Let markets do what markets do and only come in to regulate when there is a clear and obvious dynamic where markets simply dont work (military, police, health care, etc). Simply the tax code. Simplify spending. Stop pretending these grand social and economic experiments. Stop public/private nonsense and choose one or the other.

That's ancient sales wisdom, not anything new. MCI and AT&T perfected those techniques during the long distance wars in the 80s and 90s, and it was ancient sales wisdom back then.

A corollary is that they are your family. That's my favorite red flag: some employer or vendor or other non-family entity tries to tell me I'm part of their family. Uh, no, I'm not.

Pretty much all sales and advertising is built around creating a perception of pain and/or fear and offering relief for that.

That SunRun included that in their sales manual just indicates that they were addressing a sales force that was significantly staffed with sales novices who didn't already understand that, not that they were particularly nefarious.

> Pretty much all sales and advertising is built around creating a perception of pain and/or fear and offering relief for that.

No, pretty much all sales and advertising is built around finding some problem the customer has that the product or service being sold solves (or solves better than their current solution). But there's no need for the problem to be pain and fear--let alone pain and fear that is a perception created by a sales pitch that has no qualms about playing fast and loose with the truth.

> No, pretty much all sales and advertising is built around finding some problem the customer has that the product or service being sold solves

“Finding a problem” in sales is very commonly a euphemism for creating the perception of a problem that the customer did not perceive before the sellers efforts.

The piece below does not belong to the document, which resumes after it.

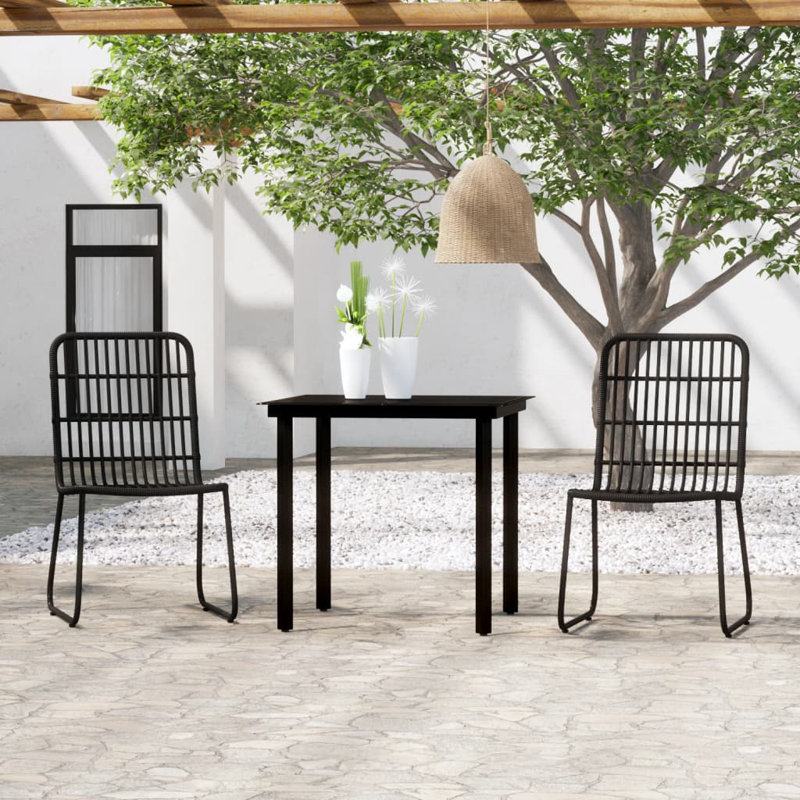 Long Dining Set, 29.1" H x 31.5" W x 31.5" D, 2, Black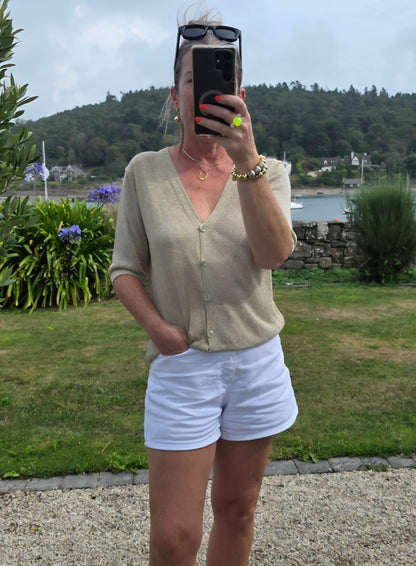 Beige Gold Lame Short Sleeve Cardigan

> But there's no need for the problem to be pain and fear

“Pain” (outside of it's narrow use for physical pain) is a synonym for having an actual current problem, fear is having a concern about a potential future problem. The distinction you propose is vacuous.

> “Finding a problem” in sales is very commonly a euphemism for creating the perception of a problem that the customer did not perceive before the sellers efforts.

Yes, but that just omits the crucial distinction between an actual problem that the customer did not perceive before the seller's efforts, and a spurious problem that the customer did not perceive before the seller's efforts.

> The distinction you propose is vacuous.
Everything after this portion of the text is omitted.